Tuesday, December 30, 2008

Andrew Rosenbalm (continued)

During the years that followed I was to learn many things about “my
hero in a homburg hat,” Andrew Rosenbalm.
Bob and I had a step-grandmother we did not meet until later in 1942
We had 2 uncles,7 aunts (3 of the aunts were younger than I.) My hero in the homburg hat fathered his last child at age 65.

My Mother eventually revealed the destruction of the relationship between she and her father:
Her Mother, Elizabeth Goodrider Rosenbalm died when her son, Marlyn (Poge) was born. There was 12 years difference between Billie(Josie) and the infant Marlyn.
Andrew was grief stricken over the death of Elizabeth and he drank and gambled their money away and eventually lost their home. He took the children to his mother’s and father’s because he no longer could take care of them.

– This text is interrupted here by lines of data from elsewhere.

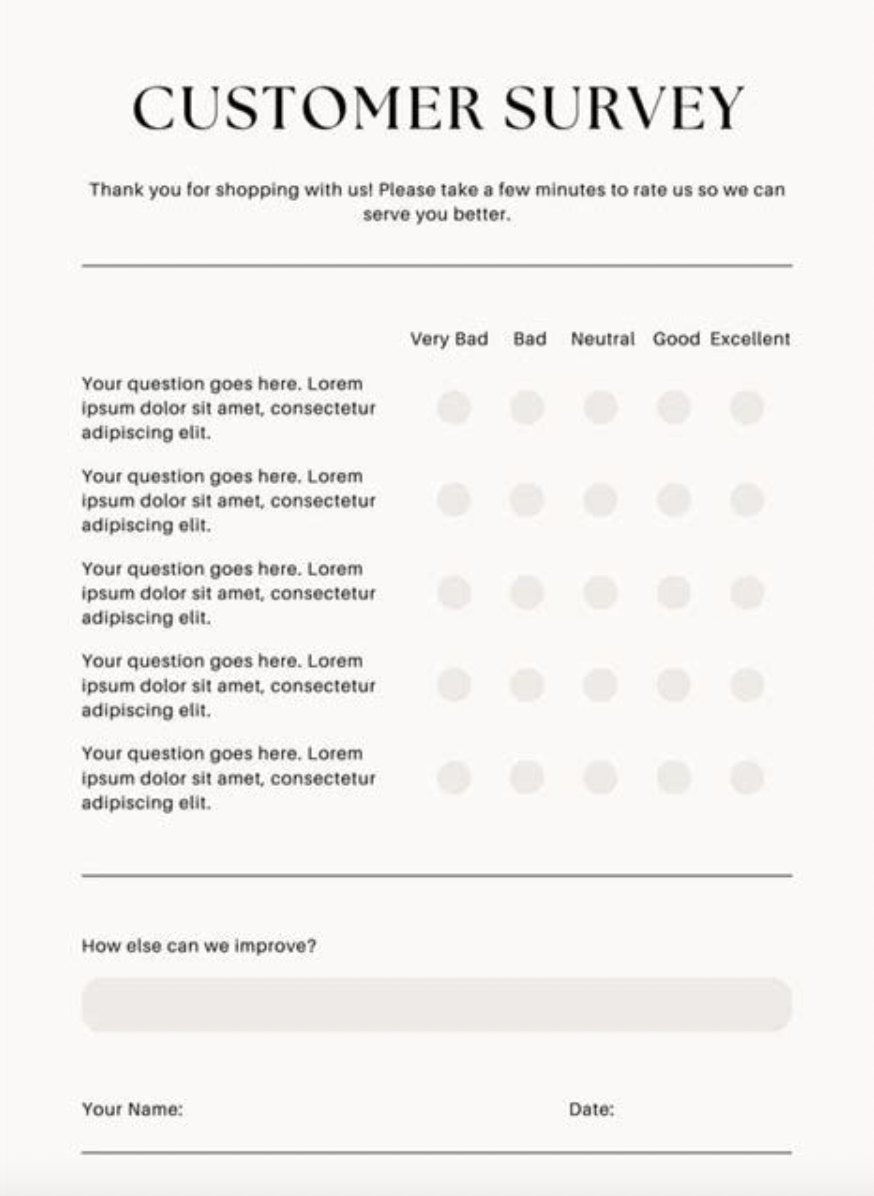 customer survey example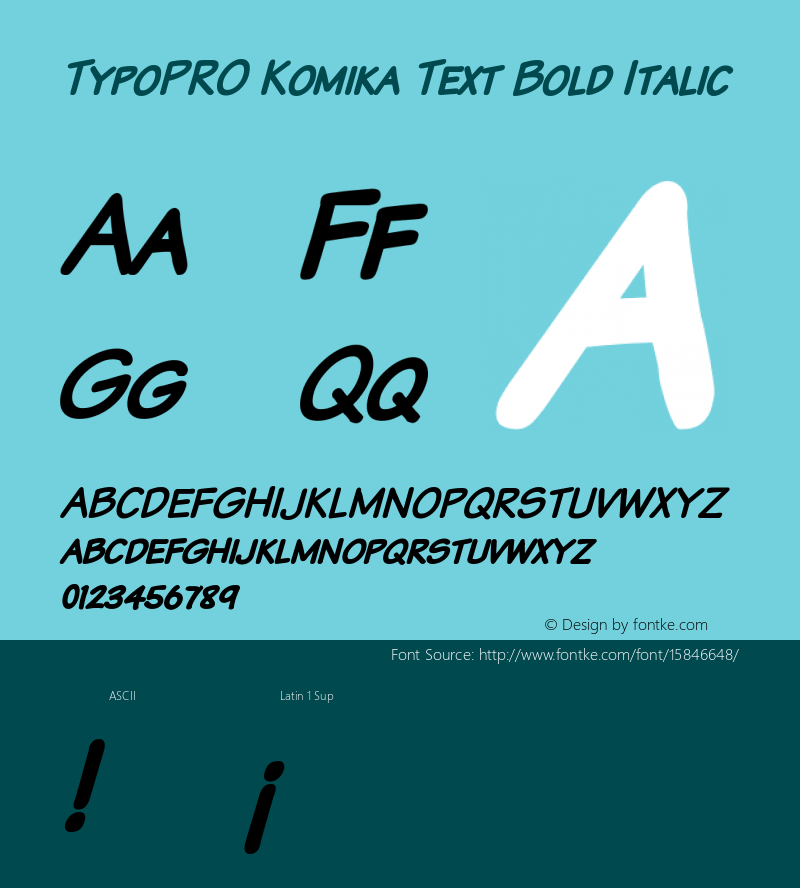 TypoPRO Komika Text Bold Italic 2.0图片样张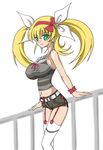  bare_shoulders blonde_hair breasts covered_nipples earrings garters green_eyes huge_breasts impossible_clothes impossible_shirt jewelry long_hair miyata_gakuman nipples ribbon shirt shishidou_nami short_shorts shorts solo sora_wo_kakeru_shoujo thighhighs twintails 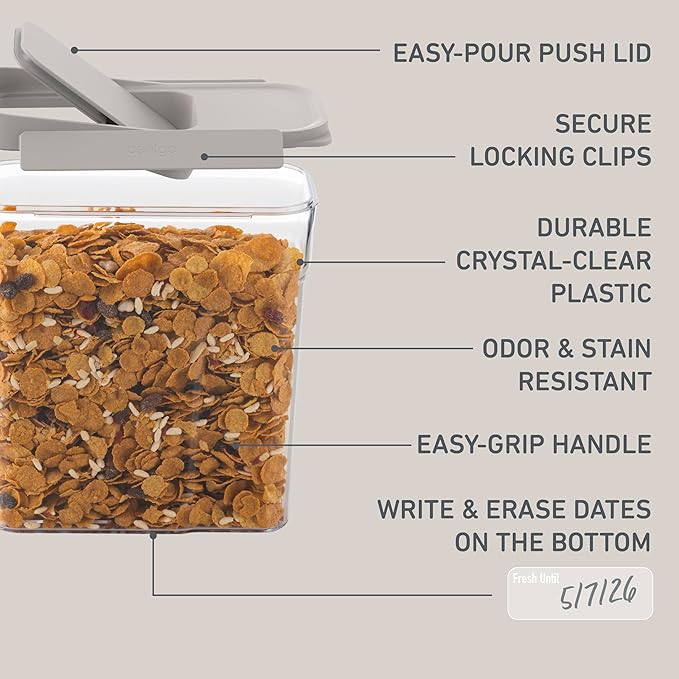 Bentgo Pantry - 6-Piece Airtight Cereal Containers, Easy Push & Pour Lid, Stackable & Clear BPA-Free Storage, Locking Lids for Freshness – Ideal for Kitchen & Pantry Organization (White Stone)
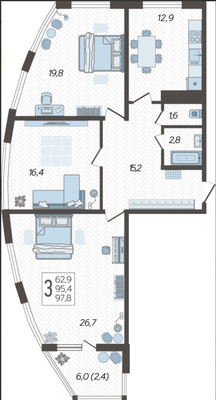 Продам трехкомнатную (3-комн.) квартиру, им. Валерия Гассия ул, 4/7к3, Краснодар г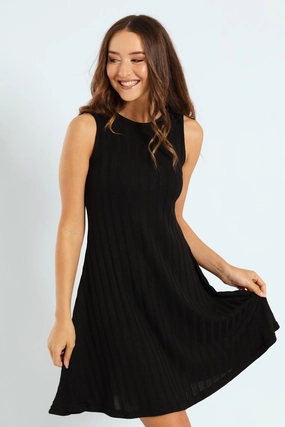 Ribbed Cut & Sew Mini Pinafore Dress - Black Fashion on sale Fashion storage (wardrobes, hangers, etc.)
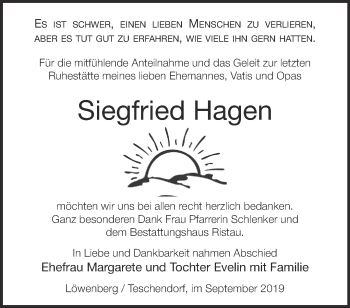 Traueranzeige von Siegfried Hagen von Märkische Oderzeitung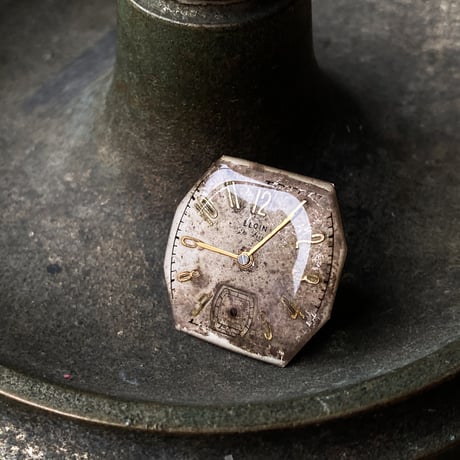 antique dial brooch "ELGIN deluxe"【K0918】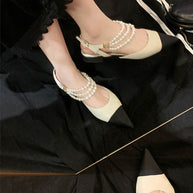 Damen Sling-Pumps mit eleganter Perlenapplikation und spitz zulaufender Form WW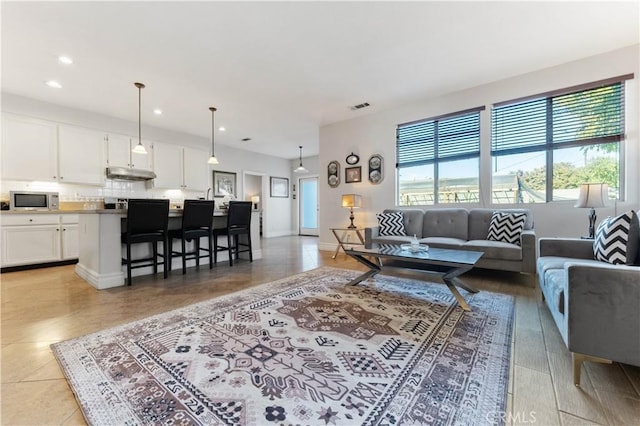 living room with light wood-type flooring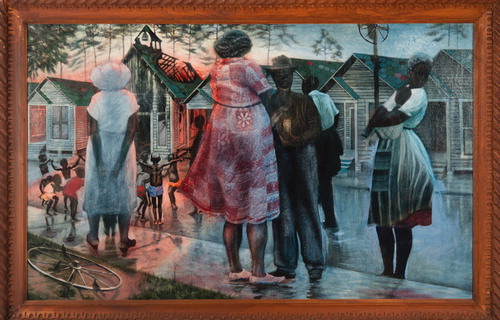 Figure 8. Lecture Slide 22.61: John Biggers, Shotgun, Third Ward #1 (1966). (Anacostia Community Museum, Smithsonian Institution.)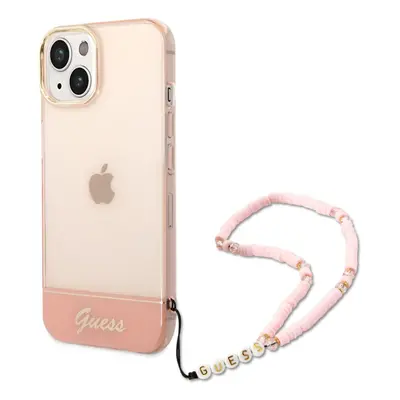 Guess PC/TPU Camera Outline Translucent Zadní Kryt s Poutkem pro iPhone 14 Plus Pink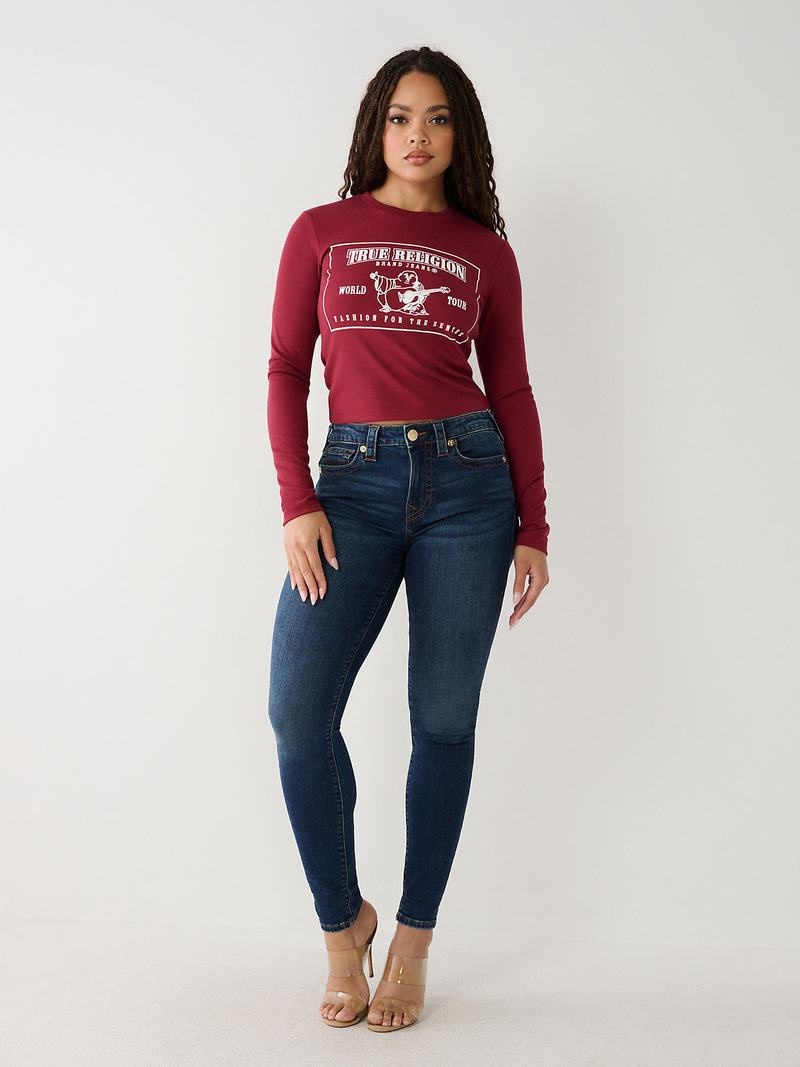 True Religion Long Sleeve Logo Baby T-Shirts Damen Fuchsie | 81305BVQP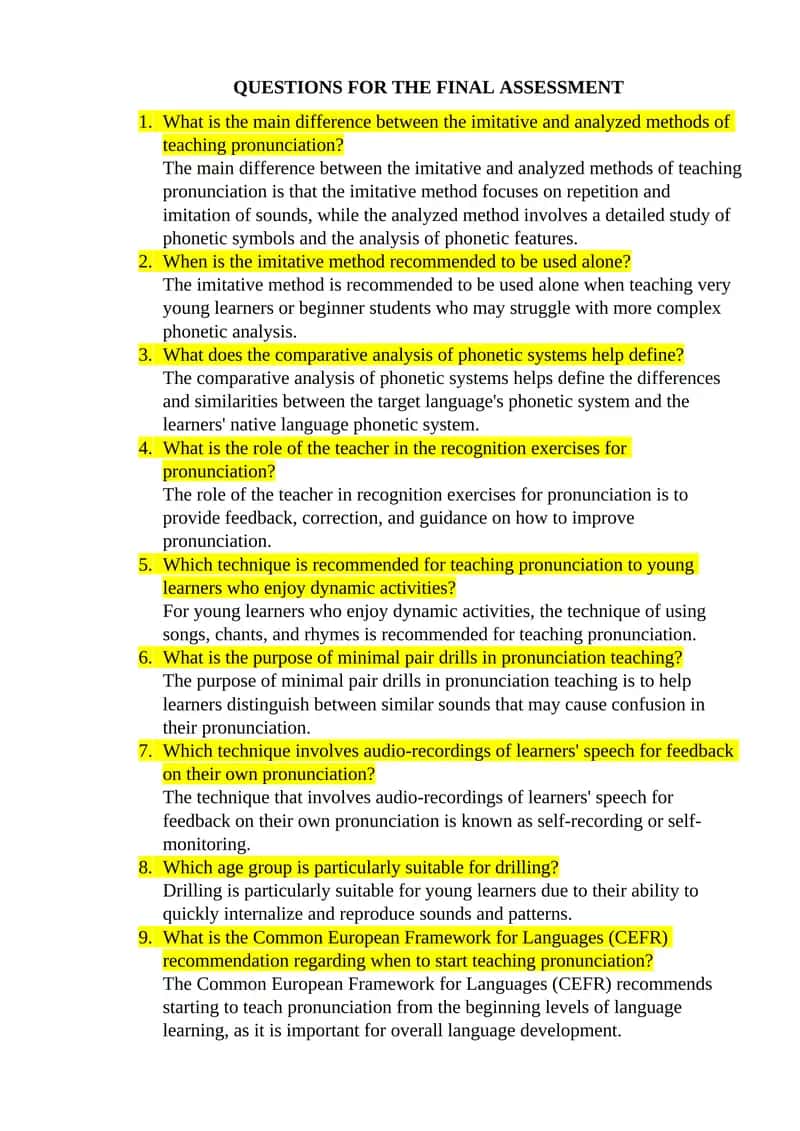 Final Assessment Questions on Teaching Pronunciation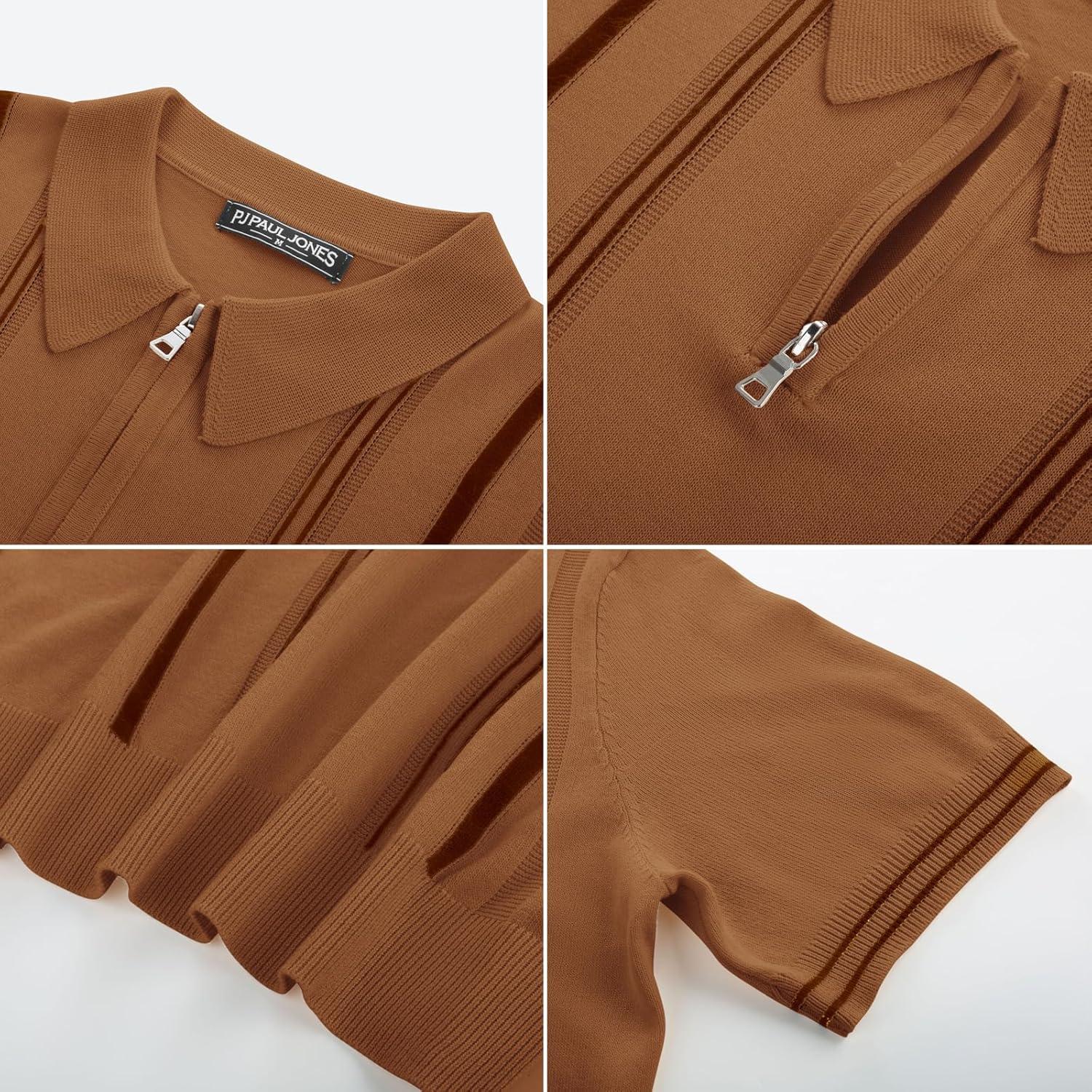 imagePJ PAUL JONES Mens Knit Polo Shirts Short Sleeve Quarter Zip Golf Shirt Vintage Shirts for MenBrown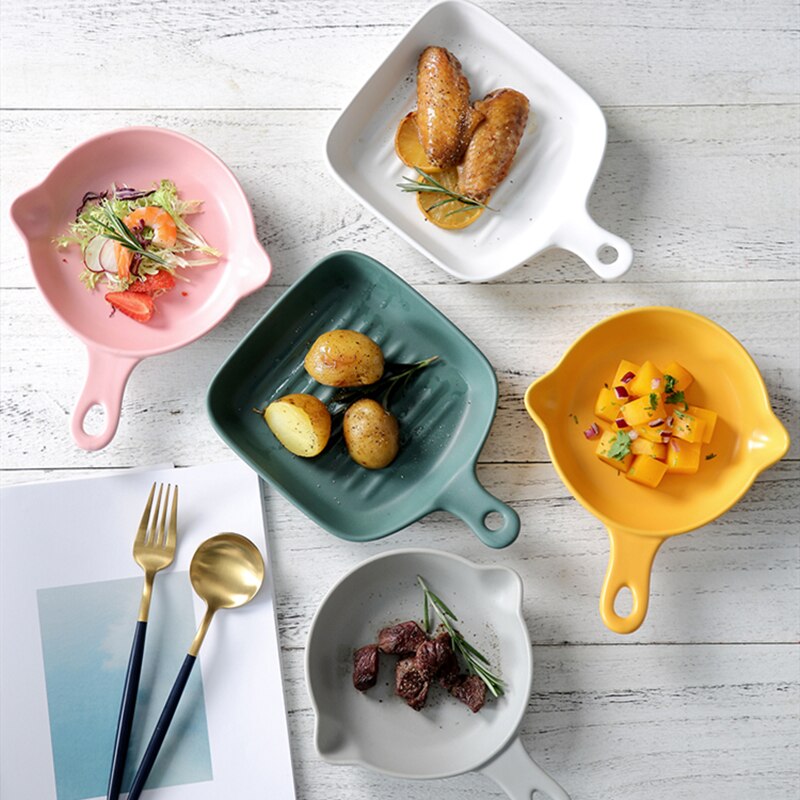 Nordisk ugnstallrik rund fyrkantig dubbelöra med handtag keramisk servis modern hem frukost salladstallrik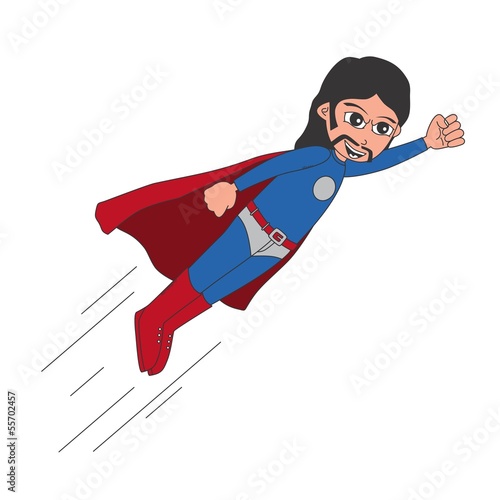 Vector: long hair superhero long hair superhero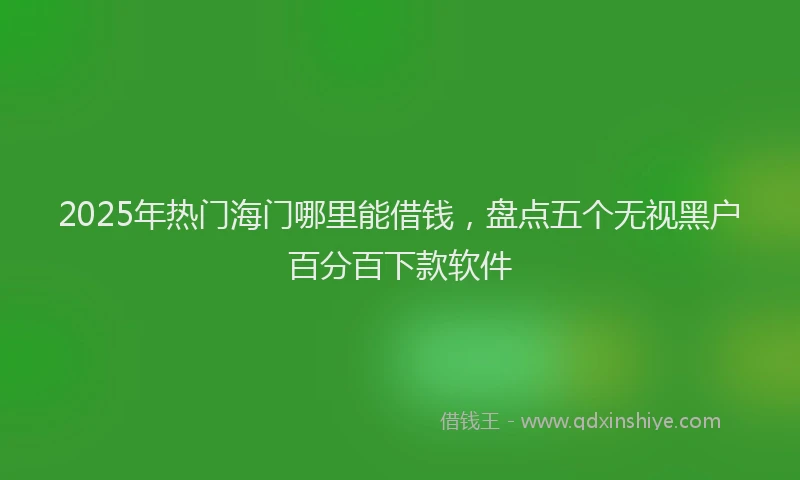 2025年热门海门哪里能借钱,盘点五个无视黑户百分百下款软件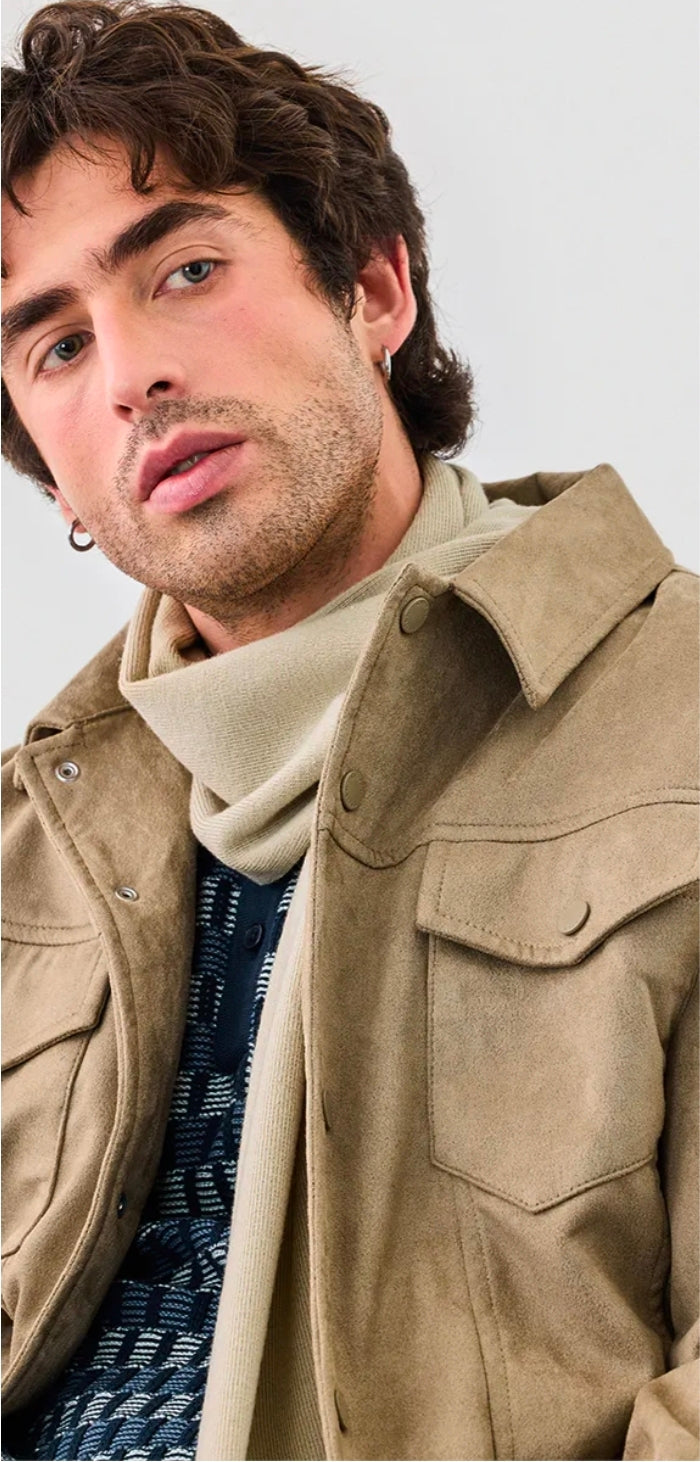 Snap Button Suede Stretch Jacket ( Snitch )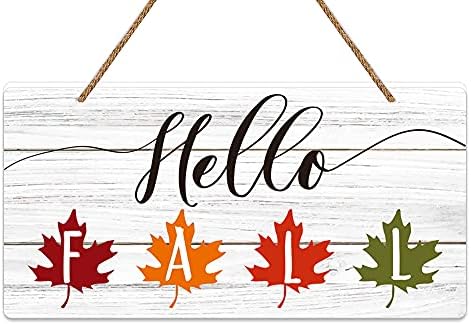 Fall Letrero Letras WaaHome Letrero para puerta de 15,24 x 30,48 cm, diseño de Hello Fall ...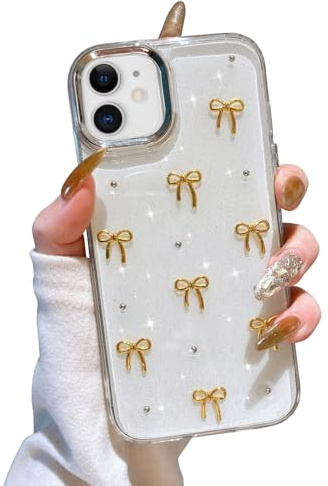 EYZUTAK Case for iPhone 12/12 Pro, Bling Glitter 3D Bowknot Case, Gold Bow | Sparkly Crystal Clear Phone Cover, Bow Aesthetic Design, Slim Soft Durable TPU Transparent Protective Cover, for Women Girls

In the interim the children's grandfather passed away. That left an aging grandmother trying to raise Andrew’s two children. They lived mostly out of the garden grown by their grandmother. Both children remained there until Josie enrolled in nurses training at Sparta, Wis. and then eventually transferred to Cook County Hospital in Chicago. Marlyn stayed until age 12 when he moved to Chicago after my mother and father married.

My Mother was raise in a refined upper middle class home. The Goodrider family provided Elizabeth,Andrew, and Josie with all of the extras in life and Andrew with a good future if Andrew “behaved himself.”

Andrew’s sister, Eunice told me many years later: The Goodriders were wealthy farmers and they had a large grain and feed business. She told me that Andrew went through a kind of “hell” that he brought on himself.

Mrs. Goodrider died not long after Elizabeth. Mr. Goodrider may have helped Josie go to school. Mr. Goodrider left no inheritance to the children because he was bitter over the death of his daughter and the immediate and untimely death of his wife that he also blamed on Andrew. Mr. Goodrider apparently banished Andrew, Josie and Marlyn from his life.
It is hard for me to understand how this grandfather could turn his back on these children.